For a sectoral horn (see Figure 3), a fan-shaped beam is generated in the plane containing the flare. Generally, rectangular horn antennas such as pyramidal and rectangular have the downside of significant sidelobes, and the abrupt transition from waveguide to flare predominantly contributes to the overall reflection coefficient. This leads to using nonlinear flaring configurations (i.e., a soft horn), such as corrugations, dielectric wall linears or strips laid out transverse to the direction of propagation of the EM field.
Conical Gain Horns
The conical gain horn antenna generally has a much narrower bandwidth compared with its rectangular counterparts; however, because of its axial symmetry, the conical horn can handle any polarization of the dominant TE11 mode and is particularly useful for applications that require circular polarization (e.g., space communication).
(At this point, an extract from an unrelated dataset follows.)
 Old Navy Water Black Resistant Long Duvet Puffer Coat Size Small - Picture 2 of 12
Like the rectangular horn antenna, the circular horn uses a flare to achieve a smooth impedance transformation. Typical gains are between 10 and 25 dBi, with horizontal and vertical half-power beamwidths between 10 and 60 degrees and narrow bandwidths - 1.3:1 maximum, compared to 2:1 for rectangular horns.
Scalar Feed Horns
Aside from more complex manufacturing processes and higher associated costs, scalar feed horn antennas offer high power handling capability and high directivity with low loss over a wide bandwidth. They are ideal as antenna feeds for radar and communications systems, such as radio telescopes that use parabolic dish reflectors, as they are able to provide relatively even illumination of the surface while minimizing signal leakage past the reflector, maximizing overall antenna efficiency. The radiation pattern of the feed antenna must be customized to the specific shape of the parabolic reflector.
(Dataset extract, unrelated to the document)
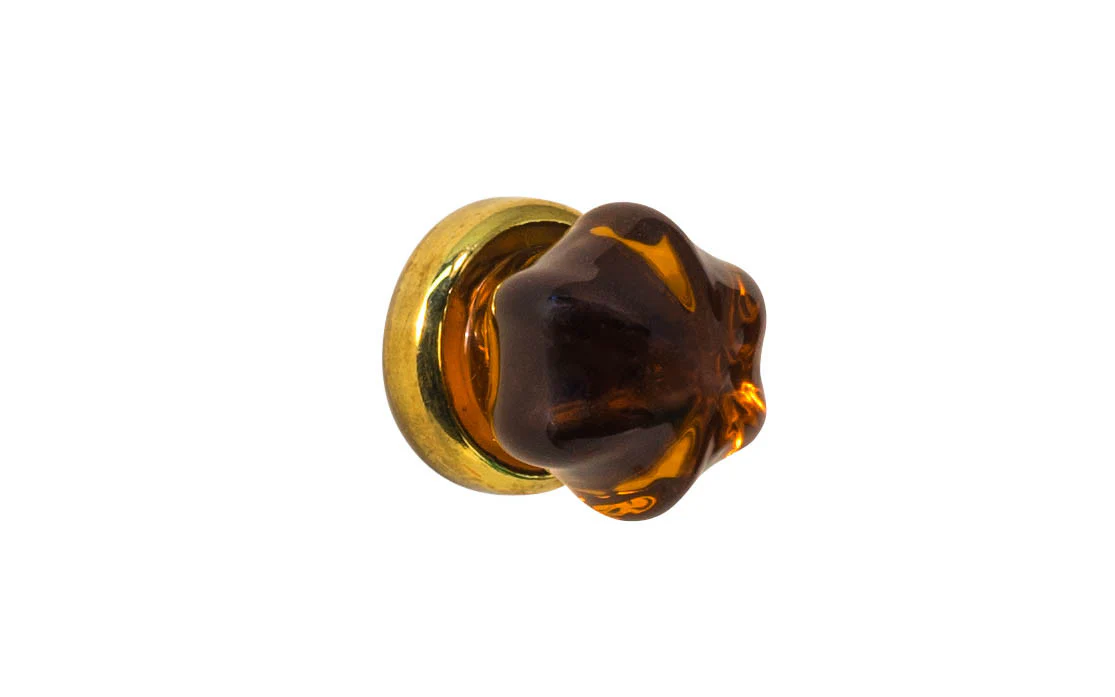 Star-Shaped Glass Knob ~ Amber - Image 2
For antenna patterns in the far field, the desired polarization is known as co-polarization while the orthogonal component is known as cross-polarization.4 Cross-polarization is particularly relevant for parabolic dish reflector feed horn antennas because the feed aperture is typically located at, or slightly in front of, the reflector focal point, which is the theoretical point where all incoming rays parallel to the paraboloid axis are reflected through the focus (see Figure 4). The wide angle scalar feed horn in the focal plane of parabolic dish reflector must exhibit a uniform radiation pattern in the far field to minimize cross-polarization and maximize overall antenna efficiency.
Scalar feed horns take advantage of a hybrid mode of propagation to achieve high axial beam symmetry, low sidelobes and low cross-polarization. The hybrid mode differs from the TE or TM modes of propagation within a waveguide, as neither the electric nor magnetic fields is purely transverse to the direction of propagation. In the hybrid mode, or balanced hybrid, condition, symmetric E- and H-plane patterns are generated where the TE and TM components are matched in a singular hybrid mode and propagate with a common velocity. In this way, the paraboloid receives the complete field pattern from the feed with uniform fields across the aperture of the reflector.5 Linear E-fields cannot be produced by a radiation pattern purely TE or TM mode; corrugations in the horn modify both the electric and magnetic fields to satisfy the hybrid mode condition.